Data
Start of Block
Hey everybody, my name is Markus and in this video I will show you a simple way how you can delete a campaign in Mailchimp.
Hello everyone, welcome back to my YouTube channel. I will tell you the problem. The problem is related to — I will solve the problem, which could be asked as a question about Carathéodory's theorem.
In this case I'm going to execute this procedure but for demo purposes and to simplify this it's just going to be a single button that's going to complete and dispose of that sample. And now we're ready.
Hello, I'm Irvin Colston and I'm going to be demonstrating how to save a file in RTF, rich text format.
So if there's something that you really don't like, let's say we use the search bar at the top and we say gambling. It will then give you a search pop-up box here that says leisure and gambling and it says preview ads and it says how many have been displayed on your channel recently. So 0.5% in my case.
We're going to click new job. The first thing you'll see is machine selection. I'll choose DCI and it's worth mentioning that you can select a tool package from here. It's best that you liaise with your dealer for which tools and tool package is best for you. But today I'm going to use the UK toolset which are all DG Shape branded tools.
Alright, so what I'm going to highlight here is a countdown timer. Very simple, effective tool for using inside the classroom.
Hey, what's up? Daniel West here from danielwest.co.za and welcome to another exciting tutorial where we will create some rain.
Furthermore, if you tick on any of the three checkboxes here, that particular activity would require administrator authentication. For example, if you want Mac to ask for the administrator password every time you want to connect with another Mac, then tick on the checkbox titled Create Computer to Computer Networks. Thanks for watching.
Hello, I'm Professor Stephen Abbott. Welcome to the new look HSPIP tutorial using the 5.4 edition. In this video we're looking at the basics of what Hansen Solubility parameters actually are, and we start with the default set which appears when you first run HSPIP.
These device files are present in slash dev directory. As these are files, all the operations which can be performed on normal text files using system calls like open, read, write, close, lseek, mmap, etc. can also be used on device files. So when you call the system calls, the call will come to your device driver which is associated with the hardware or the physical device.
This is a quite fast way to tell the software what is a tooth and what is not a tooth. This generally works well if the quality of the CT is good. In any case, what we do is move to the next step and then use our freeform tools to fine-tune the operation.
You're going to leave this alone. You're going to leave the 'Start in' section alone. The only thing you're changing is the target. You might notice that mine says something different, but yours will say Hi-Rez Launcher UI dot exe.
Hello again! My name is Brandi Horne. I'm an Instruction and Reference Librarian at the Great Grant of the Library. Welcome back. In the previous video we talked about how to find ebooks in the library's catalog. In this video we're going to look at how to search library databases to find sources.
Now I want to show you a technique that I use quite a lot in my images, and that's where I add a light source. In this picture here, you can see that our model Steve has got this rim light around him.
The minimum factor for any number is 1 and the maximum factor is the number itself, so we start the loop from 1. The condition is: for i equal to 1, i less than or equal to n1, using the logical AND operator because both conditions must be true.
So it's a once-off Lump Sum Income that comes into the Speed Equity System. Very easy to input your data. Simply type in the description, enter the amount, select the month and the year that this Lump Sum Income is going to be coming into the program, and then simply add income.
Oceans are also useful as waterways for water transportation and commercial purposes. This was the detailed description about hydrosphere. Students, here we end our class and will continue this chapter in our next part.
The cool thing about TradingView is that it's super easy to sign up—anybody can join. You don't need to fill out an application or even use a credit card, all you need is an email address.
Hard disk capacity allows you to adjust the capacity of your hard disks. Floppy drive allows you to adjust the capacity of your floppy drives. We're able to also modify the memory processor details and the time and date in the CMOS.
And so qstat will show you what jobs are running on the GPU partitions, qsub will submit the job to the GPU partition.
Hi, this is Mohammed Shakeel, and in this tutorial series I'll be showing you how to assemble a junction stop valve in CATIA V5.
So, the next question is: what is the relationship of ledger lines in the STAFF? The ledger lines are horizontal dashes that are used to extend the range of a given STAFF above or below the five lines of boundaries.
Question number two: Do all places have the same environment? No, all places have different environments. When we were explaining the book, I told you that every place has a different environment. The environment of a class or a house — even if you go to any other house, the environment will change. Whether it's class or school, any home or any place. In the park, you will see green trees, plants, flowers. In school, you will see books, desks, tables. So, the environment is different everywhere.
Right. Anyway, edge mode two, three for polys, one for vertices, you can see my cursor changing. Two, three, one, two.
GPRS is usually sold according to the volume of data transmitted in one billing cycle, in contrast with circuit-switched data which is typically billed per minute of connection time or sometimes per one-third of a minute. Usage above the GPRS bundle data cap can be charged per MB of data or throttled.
End of Block
All lines above from the one containing "Hello again! My" to the one containing "Oceans are also" must be repeated exactly, both lines included, and no others.

Hello again! My name is Brandi Horne. I'm an Instruction and Reference Librarian at the Great Grant of the Library. Welcome back. In the previous video we talked about how to find ebooks in the library's catalog. In this video we're going to look at how to search library databases to find sources.
Now I want to show you a technique that I use quite a lot in my images, and that's where I add a light source. In this picture here, you can see that our model Steve has got this rim light around him.
The minimum factor for any number is 1 and the maximum factor is the number itself, so we start the loop from 1. The condition is: for i equal to 1, i less than or equal to n1, using the logical AND operator because both conditions must be true.
So it's a once-off Lump Sum Income that comes into the Speed Equity System. Very easy to input your data. Simply type in the description, enter the amount, select the month and the year that this Lump Sum Income is going to be coming into the program, and then simply add income.
Oceans are also useful as waterways for water transportation and commercial purposes. This was the detailed description about hydrosphere. Students, here we end our class and will continue this chapter in our next part.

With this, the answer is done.